Lawrence Durrell, l’auteur du magnifique « Quatuor d’Alexandrie », aurait eu cent ans cette année. Pour célébrer l’événement, son éditeur a traduit en français son premier roman, paru en 1935 dont l’auteur n’avait pas souhaité la réédition. A-t-il eu raison ? A-t-il eu tort ?

« Petite musique pour amoureux » est un roman d’apprentissage. Durrell aurait dit-on mis beaucoup de lui même dans le personnage de Walsh et glissé des souvenirs autobiographiques. Mais, comme l'a écrit Vladimir Volkoff dans une préface au Quatuor, « un roman est un roman et non pas une fausse histoire vécue ». Celui-ci est composé de trois parties : une enfance heureuse dans l’Himalaya malgré la mort en couches d’une mère indienne et les absences d’un père ingénieur anglais conducteur de travaux dans la perle de l’Empire ; une adolescence solitaire, respectueusement ironique et indifférente dans un pensionnat anglais ; une jeunesse de rupture où ce « lunatique dépressif », selon ses professeurs, devient un « nihiliste joyeux ».

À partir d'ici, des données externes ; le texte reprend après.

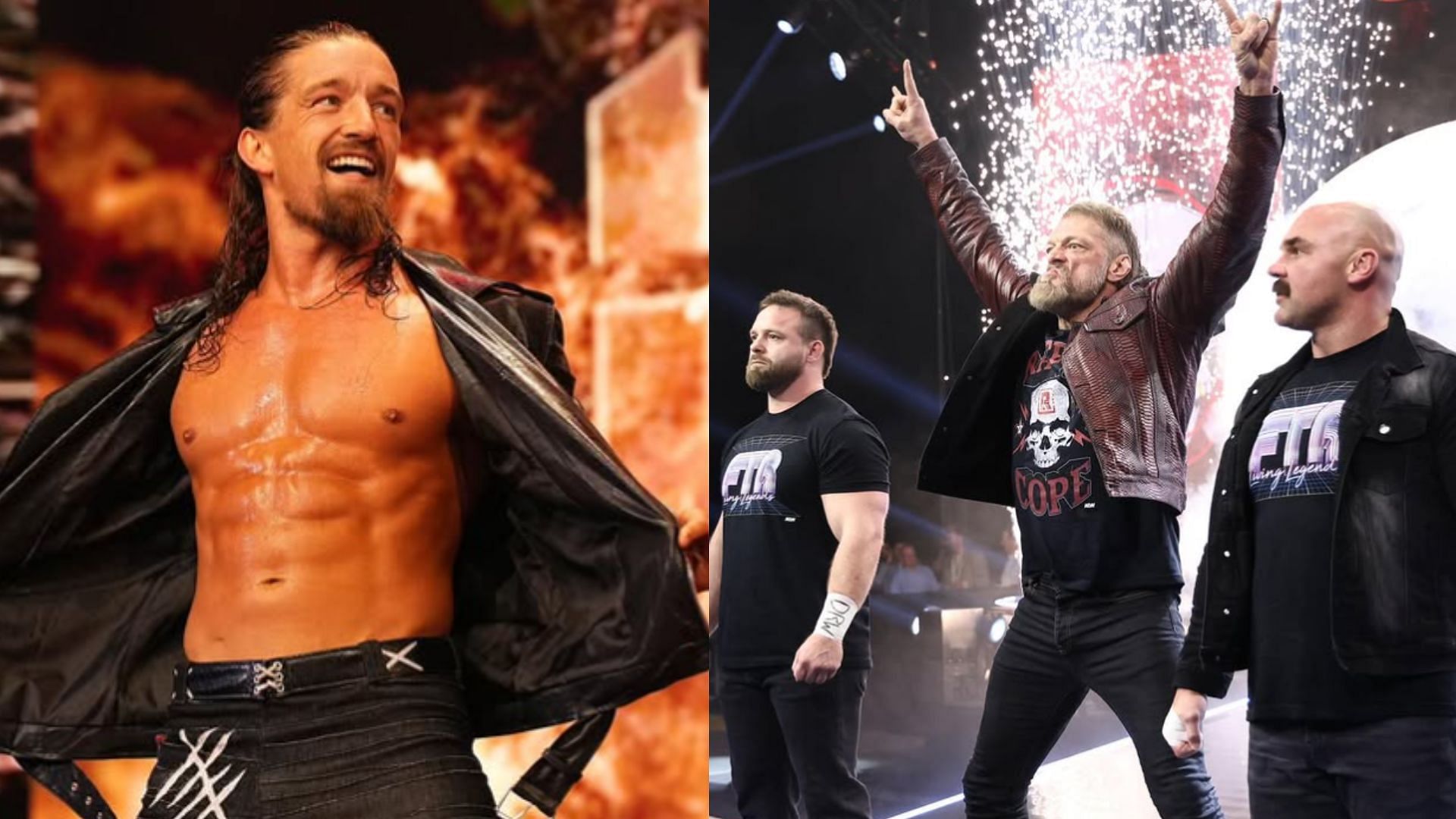 A number of AEW stars have been teasing a turn to the dark side lately [Image Credits: AEW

Après un prologue de bonne facture qui raconte l’accouchement de Walsh, l’enfance des grands espaces s'anime avec l’arrivée hilarante de l’excentrique et anglicane tante Brenda, et sa lutte contre le père jésuite qui éduque le jeune garçon. D’autres personnages, eux aussi singuliers, participent à la construction de l’enfant comme ce chasseur de papillons qui conseille à Walsh de « tout observer et tout garder en mémoire » ou la grand-mère, personnage qui impressionne son petit-fils par sa religiosité et ses remarques qui se veulent rassurantes et n’en sont que plus effrayantes : « Ne crains pas la mort. Il faut dix ans aux vers pour ronger un cercueil ».

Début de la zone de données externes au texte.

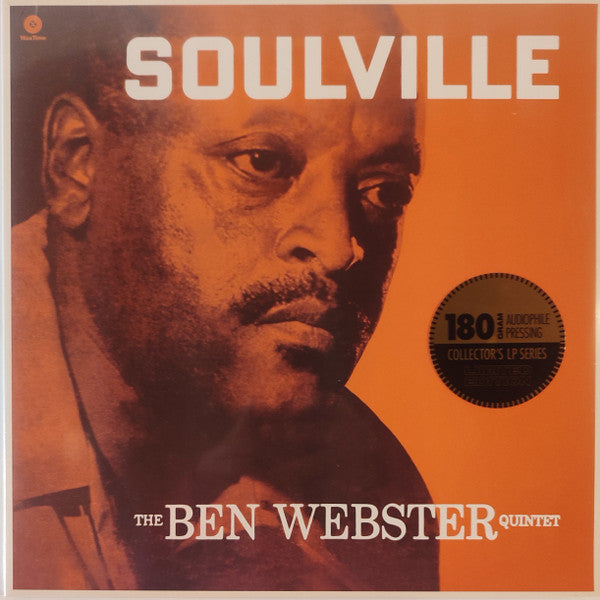 Album art for The Ben Webster Quintet - Soulville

Le pensionnat se révèle une expérience difficile pour un enfant qui a vécu libre et découvre l’emprisonnement. Son détachement, sa distance avec l’enseignement, son esprit critique, son indifférence vont vite balayer des principes qui n’étaient que des consignes : Etre un homme; se souvenir qu’il est anglais de naissance et s’en montrer digne ; se réjouir du cadeau suprême qui lui est fait : une scolarité anglaise. Tout ceci ne va que lui inspirer « un profond mépris pour l’abominable ignorance des bâtisseurs d’empire, le prétendu altruisme, la sinistre bêtise de l’esprit d’équipe ». La rencontre avec Ruth qui lui conseille de « ne jamais avoir honte », sera le seul beau moment de liberté dans cette Angleterre de boutiquiers.

La dernière partie raconte le temps « des jeunes gens en colère » dont Durrell fit partie dans les années 30 et pour qui « la seule et unique issue conduirait à une vie étriquée, à la crainte d’une opinion futile et inconstante, à la stérilité mentale, à la lâcheté et aux innombrables et sinistres impostures de la société bourgeoise ». Et là on entend « la voix malicieuse de l’auteur et son rire étouffé » comme le remarque Michel Déon dans sa préface.

On reste partagé à la lecture de ce roman écrit à vingt ans entre une admiration certaine pour ses qualités d’écriture et un manque de ressorts romanesques ; entre une vision grinçante de la société anglaise des années trente et des passages beaucoup plus convenus et souvent trop longs. « Il faut que le roman raconte » disait Stendhal. Cette petite musique décrit plus qu’elle ne raconte, à mon goût. Ce livre devrait intéresser ceux qui ont été subjugués par le « Quatuor d’Alexandrie » et ainsi leur permettre de mieux percevoir comment et pourquoi ce jeune homme doué est devenu un très grand écrivain. Pour les autres, laissez vous d’abord fasciner par l’univers de Lawrence Durrell, l’Alexandrie de Justine, Balthazar, Mounolive, Cléa et quelques autres.